The Church of Saint Sava in Belgrade, one of the largest Orthodox churches in the world.
The Church of Saint Sava in Belgrade, one of the largest Orthodox churches in the world.

Climate and seasons

The climate is continental in most of the country: hot summers, cold winters, long autumns. Belgrade reaches around 32°C in midsummer and drops to a few degrees below freezing in January. The north and east see the coldest winters; the south is noticeably warmer and the Niš area can feel almost Mediterranean by late spring. Snow is reliable enough in the mountains for proper skiing from November or December through April. Spring and autumn are long and beautiful, and most people will tell you they are the right seasons to be here.

Economy and the EU

The Serbian economy is the largest and most diversified in the western Balkans. The tech sector (software, R&D outposts, fintech, gaming) has been the fastest-growing component for over a decade, especially in Belgrade and Novi Sad. Manufacturing and agriculture remain serious.

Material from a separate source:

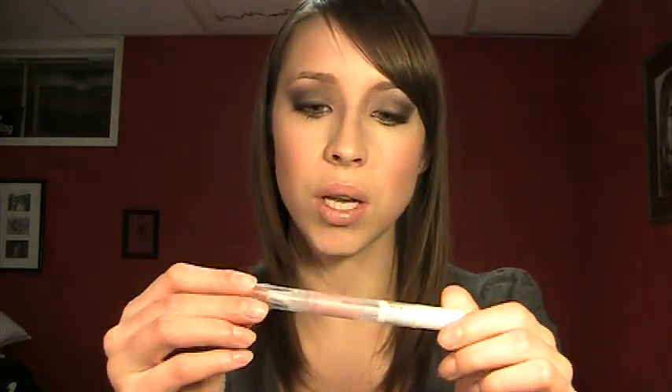I talked about this gloss in another video when I first got it, saying how bad it smelled. I was looking at it in my stash the other day and had never used it. I wished I liked how it smelled because I would totally wear it. Now this doesn't smell to me anymore at all — maybe my sense of smell isn't working right now or it wore off. But it's a really pretty light pink opalescent gloss that I put over top of the lipstick to create a kind of nude pinky lip.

The country is an EU candidate currently negotiating membership chapter by chapter, which means EU-aligned regulation in most sectors but with the lower price level of a non-member. Personal income tax is a flat 10%, the lowest in mainland Europe. The currency is the dinar, but the euro is informally tolerated everywhere from grocery stores to property contracts. Investors and lifestyle relocators have both noticed.

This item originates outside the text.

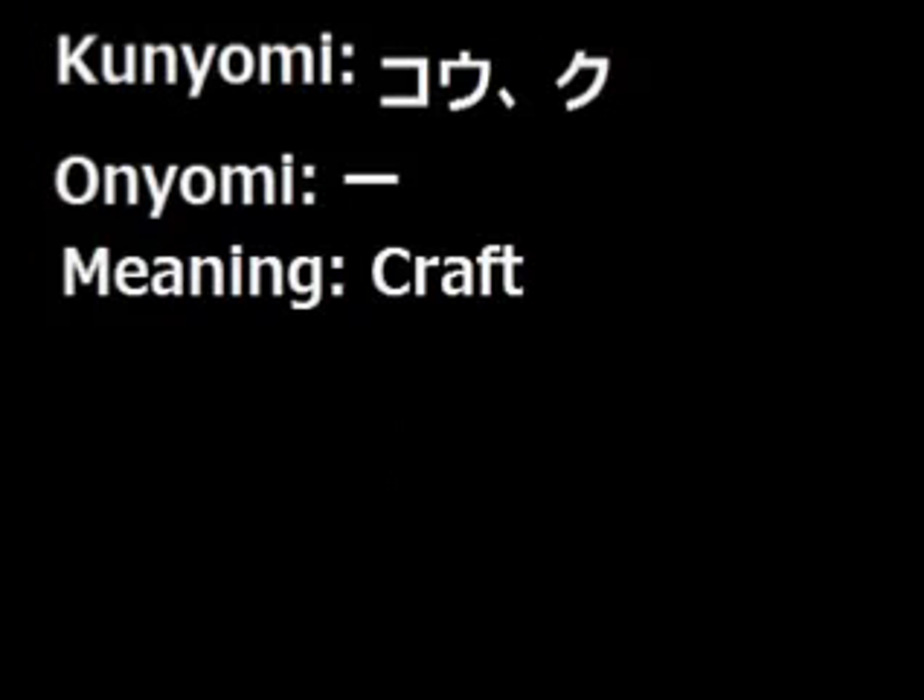This is the kanji for Craft. It also resembles the alphabet I in English. The onyomi readings of this kanji are Ko and Ku, and there is no kunyomi reading of this kanji. The meaning of this kanji is Craft.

Where Serbia takes your breath away

Beyond the cities, the country opens into landscapes that have stayed quiet by accident: deep canyons, mountain plateaus, lava-spire fields, oxbow rivers. These are the places people drive to on long weekends.

The Uvac canyon meanders, southwestern Serbia.

Uvac meanders

A deep canyon in the country's southwest where the Uvac river bends back on itself in tight, dramatic curves between thousand-metre cliffs. Griffon vultures circle overhead. The viewpoint at Molitva is one of the most photographed in the country, and reaches almost no one outside Serbia.

The Drina canyon cutting along the Bosnian border.

Drina canyon

The Drina forms the long western border with Bosnia. In its upper stretches it cuts a canyon over a kilometre deep through Tara National Park, the deepest in Europe outside of the Tara River in Montenegro. Rafting season is from May to September. The river is the colour of polished emerald.

The lava-spire field of Đavolja Varoš.

Đavolja Varoš

Devil's Town is a field of over two hundred natural stone spires, some up to fifteen metres tall, each capped with a flat andesite stone like a precarious hat. The geology is volcanic and the effect is otherworldly. It sits in the country's deep south and was once nominated for the New Seven Wonders of Nature.

The Iron Gates gorge of the Danube.

Iron Gates

Where the Danube cuts through the southern Carpathians on the Romanian border, narrowing to a gorge with cliffs three hundred metres above the water. Lepenski Vir, an eight-thousand-year-old settlement on the bank, is one of Europe's oldest human sites. The gorge is best seen from a small boat.

The Šar Mountains on the southern border.

Šar Mountains

The Šar range runs along the southern border with North Macedonia and Kosovo, with peaks above 2500 metres. The terrain is alpine pasture, sheepdog country, and home to summer transhumance still practised by Šar shepherds. Lonely, dramatic, and almost entirely undeveloped for tourism.

The Šargan Eight railway through Mokra Gora.

Mokra Gora

A village and valley in the country's southwest, made famous by the restoration of the Šargan Eight narrow-gauge railway that loops through pine-forested hills in a figure of eight. The neighbouring village of Drvengrad, built by the director Emir Kusturica, is a curiosity worth half a day.